(Part One)
Am I the only farm kid who tried to avoid the hay mow?
The hay loft always seemed so much darker, spookier, more mysterious in the dead of winter.
I tried everything to get someone else to do it when it came time to climb that mountain of a ladder in to the highest mow.
“Ah, you need to quit reading so many scary books,” my dad would say to me. “It’s the same big old barn as it was before you started reading In Cold Blood, you know.”
Just like us. OK, technically I knew he was right. I just couldn’t get that murdered Kansas family out of my mind who seemed so very much like us that it made my own blood run cold.
A farm family, two older girls grown up and gone, the hired hand returned from the pokey with the plan to kill them all and make off with the money stored in the house.
Dad reminded me that we didn’t have any scary former hired hands, and we sure didn’t have any money just lying around for the taking. Our money was in land, barns, equipment, cows … Something no bad guy could abscond with even if he wanted to.
OK, I knew he was right. But it still didn’t make my ebbing panic go away.
In the darkness. That old ladder seemed to go up and up in to the dark shadows of that barn where anyone, absolutely anyone, could be hiding.
OK, take a deep breath. You just need to hurry up and get up there and throw down 16 bales of hay. Just 16, and then you are done.
Until tomorrow, when you’ll have to put yourself through all of this all over again.
Up the ladder. The panic seemed to mount as I climbed that ladder. I reached the jumping off point, the hay stacked up there good and tight from the productive summer’s great alfalfa crop.
I made my way over the tightly packed bales to where we were to pull today’s bales from, and yanked hard on the first one.
Yikes! A cat let out a scream that was similar to the scariest horror movie sound ever emitted and I nearly fell over in a dead faint.
My heart was pounding hard enough to beat right through my layers and layers of coveralls, long johns, sweatshirts and a barn coat.
Trusty weapon. I reached for the flashlight I carried as a weapon, just in case I needed to beat someone over the head in my attempt to escape sure death.
After I caught my breath, I realized the wild mama cat was warning me to stay away from her nest of babies.
Shining my fading flashlight on to the hollowed-out spot in the mow, the critters looked like little mice, small and ugly, but content and sleeping.
My blood-curdling screams had not awakened them. How dare they be so peaceful when I was in such heightened agony?
Horrors of it all. I threw those 16 bales down, lickety-split, somehow managed to practically slide down that ladder as if it were a firehouse pole, finished the chores in spite of my pending heart attack and went to dad to tell him the horrors of it all.

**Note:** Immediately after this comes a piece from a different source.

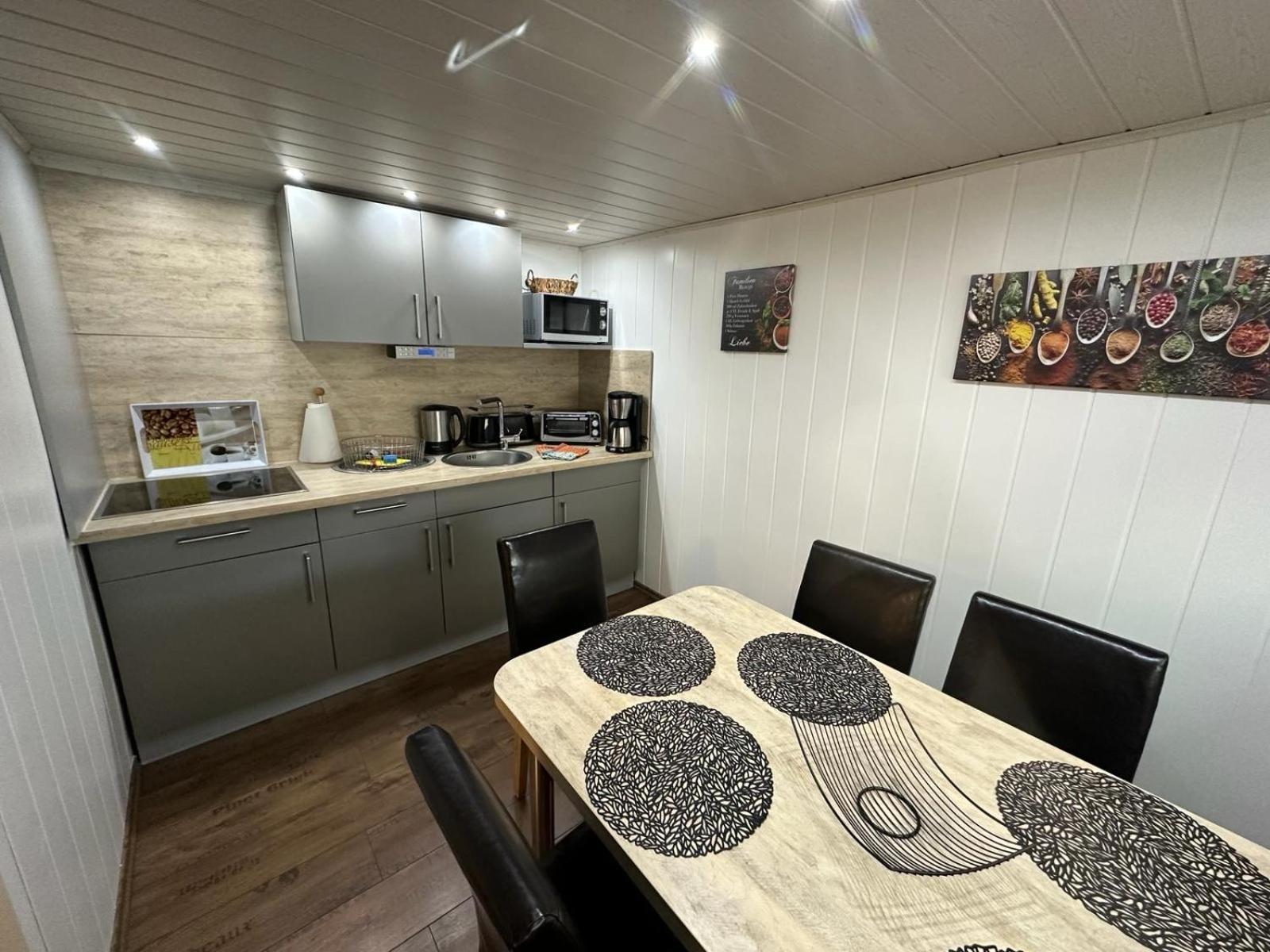 Christels Ferienwohnung 1 In Thale Mit Sonnenterrasse Und Grill Esterno foto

He filled his pipe with tobacco as he listened to my dramatic plea to never, ever have to do that job again.
He packed the tobacco down, lit the pipe, thought long and hard before saying to me, “That’s great that you found the nest of kittens. Now, each day, you can check on them for me and see how much they’ve grown since the day before.”
Deaf ears. Turns out, my plea for clemency from that chore fell completely on deaf ears. Did he not hear the part about my heart attack?
Did he not hear the part about the wobbly ladder and my knocking knees giving out on me? Did he not hear the part about the possible ax murderer lurking in the dark shadows at the very back of the mow where no one would think to look for him?
All he heard was ‘kittens.’ All he could do was add to my list of chores.
It put a whole new spin on the chore of climbing in to the dark mow.
Perhaps I would survive it. After all, what ax murderer would have the guts to climb up there with that screaming mama cat?